Sunday, March 27, 2005

From The Age (Australia):

To maintain the rigid status quo of high society New York, sacrifices must be made and rebellion punished. By Avril Moore.

The EROTICISM represented by the perpetually blooming red flowers overlaying the lace and perfect copperplate in the title sequence of The Age of Innocence conveys the film's main theme: old-world values colliding with the new.

And yet if May Welland epitomises the strict adherence of the New York aristocracy to what was socially acceptable for the time, then the irony of the title cannot be lost.

For here, as in the novel by Edith Wharton from which the film is faithfully derived, is a world where the intransigent preservation of wealth and power is paramount, and any whiff of individualism must be sacrificed, if not eradicated.

This tension, or outright hostility, exists beneath a brittle veneer of impeccable manners, taste and morality - a harmony shattered by a whisper and a subterfuge so sophisticated that it warrants decoding by an arch, third-person narrator.
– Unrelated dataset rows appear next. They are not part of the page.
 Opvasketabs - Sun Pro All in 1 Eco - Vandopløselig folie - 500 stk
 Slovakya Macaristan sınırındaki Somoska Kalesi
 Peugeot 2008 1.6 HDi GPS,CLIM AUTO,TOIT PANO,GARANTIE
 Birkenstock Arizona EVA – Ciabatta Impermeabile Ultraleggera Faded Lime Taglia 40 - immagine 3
Screenwriter and director Martin Scorsese said the narrator was a "tricky" character. The narrator "presents the story in this way to teach us a lesson".
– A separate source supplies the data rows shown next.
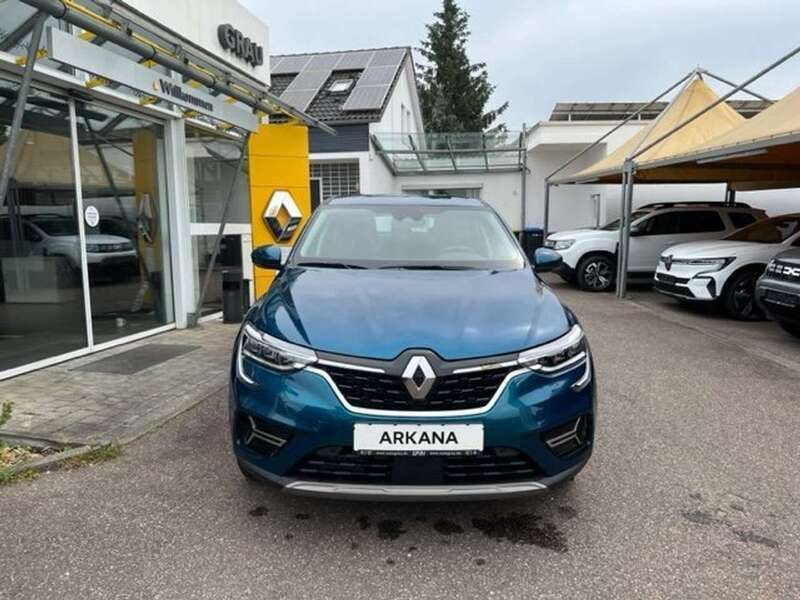 Sansibar blau Gebraucht 2021 Renault Arkana Zen SUV | 20.500 € (Guter Preis) - Bild 1/4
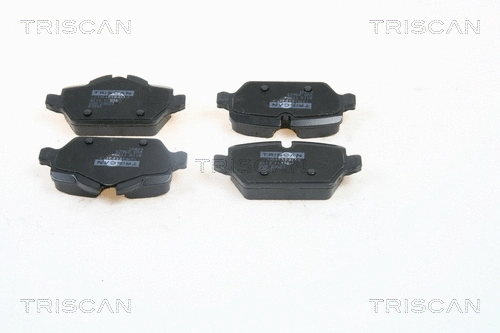 Brake Pad Set, disc brake (8110 11024)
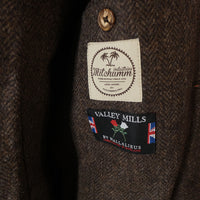 Shetland wool Brown Blazer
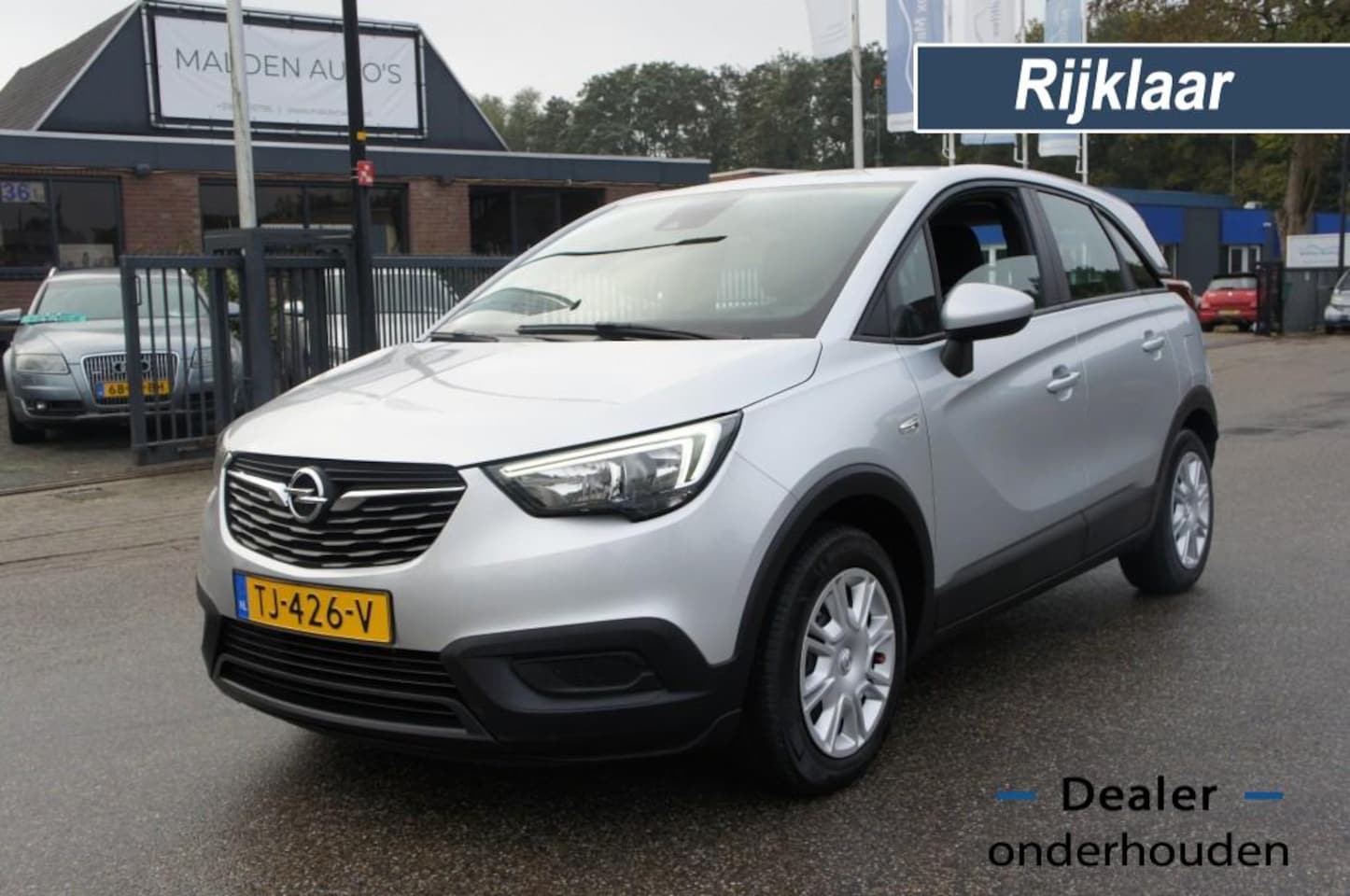 Opel Crossland X - 1.2 ONLINE EDITION CRUISE/AIRCO/APPLE-CARPLAY ANDROID-AUTOPERFECTE STAAT NIEUWE DISTRIBUTI - AutoWereld.nl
"I love the idea of the female voice setting us up for a fall. You get to trust her, and then she does you in, just like he (Newland Archer) gets done in," he said. [. . . ]

Saturday, March 12, 2005

The New York Times Magazine
March 13, 2005
Interview with Meireille Guiliano (by Edward Lewine, p. 28-29)

"Best book she read recently:

It is called, "True Pleasures: A Memoir of women in Paris. Actually, it was written by an Australian named Lucinda Holdforth. I connect to it because she talks about great women in Paris like Colette, Edith Wharton, Gertrude Stein, but also because she visits the neighborhood where I live there."